With the end of October and the beginning November, however, trouble began. The mists of early autumn had enabled some of the back-line digging to be done by day, without undue attention from the German gunners, but with the rain of the end of the first-named months the efforts of weeks began to dissolve in hours. As a sudden thunderstorm fills all the ditches to the brink, so two days' rain in the horrible clay of Flanders turns every trench into a miniature mill-race. Traverses, parapets, and parados, which in the summer sun had assumed the solidity of Egyptian monuments, collapsed like melting jelly as the torrents tore under the foundations. Men struggled waist-high in water to repair the damage, only to hear the heavy splash of falling earth and sandbags as the rain broke away the trenches as a cheese-scoop cuts out cheese. Many of the communications became impassable, and parties had to walk outside them even in broad daylight and in plain view of the enemy's observers. The situation of the Germans, at any rate, was no better, and our gunners had their revenge on them when they also were compelled to walk in the open. The last fortnight of November was, however, fortunately drier, and the Canadian Corps were able by increased exertions to make their trenches safe and habitable for the winter. The weak places in the trenches were revetted with chicken-wire, and strutted wooden paths two or three feet high, like the crossings of a swollen stream, were placed in the worst parts of the communication trenches, so that even if men's feet were in water, they had a firm foothold beneath them instead of a deadly morass. In this work they were assisted by the 11th (British) Labour Battalion, which was attached on November 1st to the Canadian Corps. A scientific system of drainage was devised and carried out.[[1]]

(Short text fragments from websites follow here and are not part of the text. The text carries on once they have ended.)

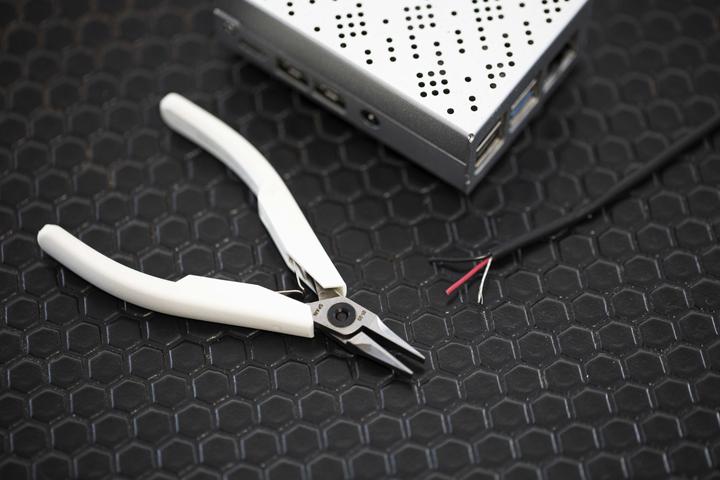 Actual product image Lindstrom Flat pliers 7490 Lindström (120 mm)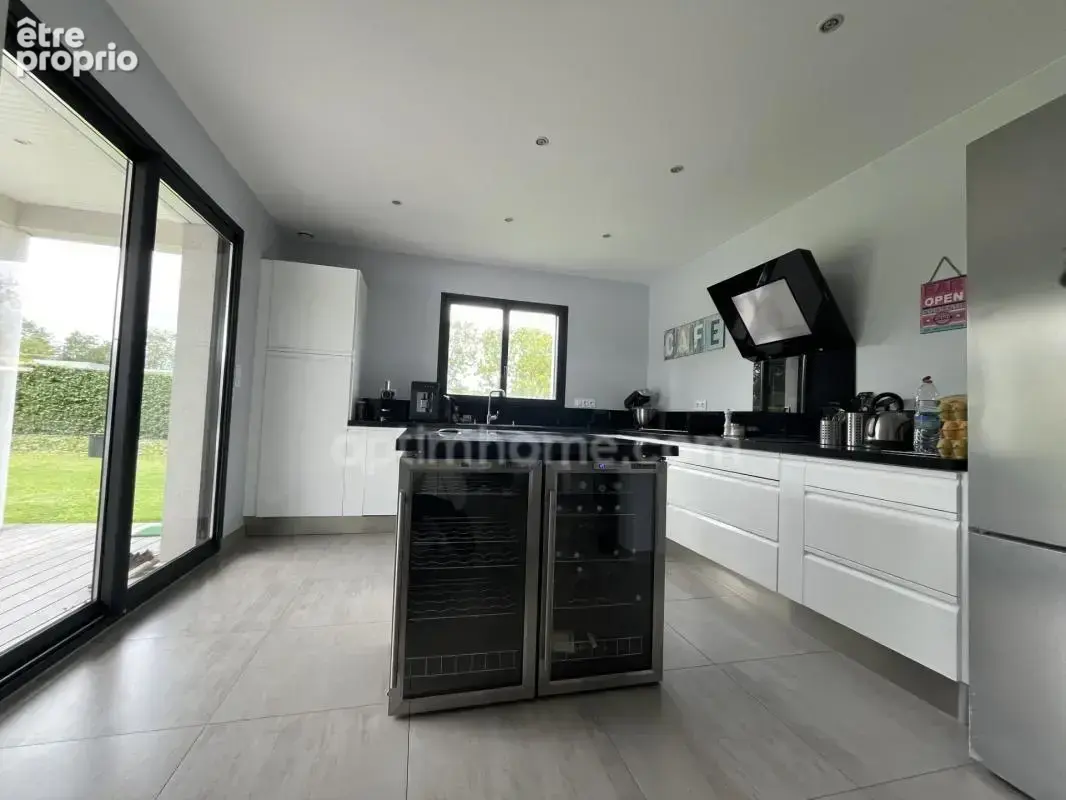 Hauteurs de Honfleur - Maison contemporaine - 234 m2 -5/6 chammbres - Piscine - Terrain 2824 m2 - Double garage - Carport - photo 6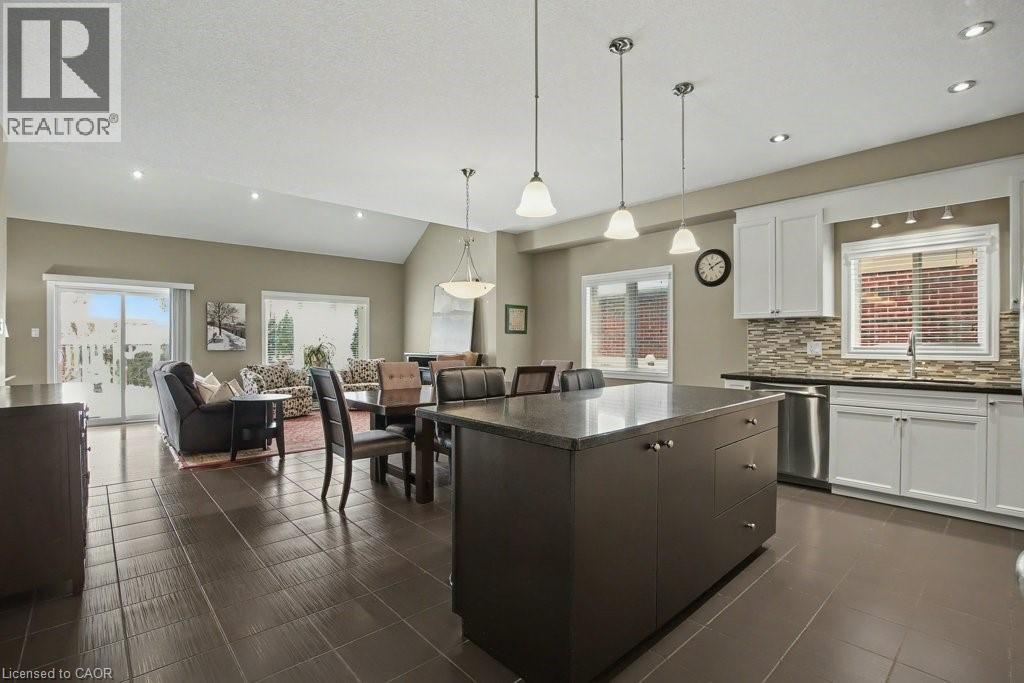 36 Freure Drive, Cambridge, Ontario  N1S 0A2 - Photo 9 - 40793789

One can cast one's eye southwards from Voormezeele and St. Eloi through Vierstraat to Kemmel, and from Kemmel and Petit Bois to Wulverghem, Neuve Eglise to Hutte and Ploegsteert, and everywhere line upon line of Canadian trenches score the ground like a succession of gigantic furrows. Far beyond the line extends till it strikes the grey seas of the Channel on the north and the snow-clad Alps on the south. The labour of these vast field-works would have built the Canadian Pacific, and one may wonder how long these gashes in the earth will survive the passions and ideals of the men who created them. For some years after the war soldiers will be able to move freely over the ground where once the bravest man dared scarcely show his head, and say, "Here we charged and here we stood our ground"; or, "It was there the captain fell." Then the kindly work of Nature will crumble the well-built trenches and cover them with grass, and the industry of man will drive the plough once more over the stricken fields of history, and Ypres and St. Eloi will become as Valmy or Gravelotte. None the less, certain great earthworks or craters will remain, and, like the hoof-prints "stamped deep into the flint," will serve to remind the Canada of the future that a line on the soil of Flanders is for the nation holy ground. These upheavals of the raw earth, covered in time by the grass and turf of centuries, may survive almost as long as the great emplacements of the Bronze Age which, after four thousand years, still guard the loop of the Thames by Dorchester, command the valley under White Horse Hill, and ring with a double forty-foot ditch the immemorial Temple of Avebury.
[[1]] On November 27th, 1915, the Princess Patricia's Canadian Light Infantry, led by Lieut.-Col. Buller, rejoined the Canadian Corps after a long separation.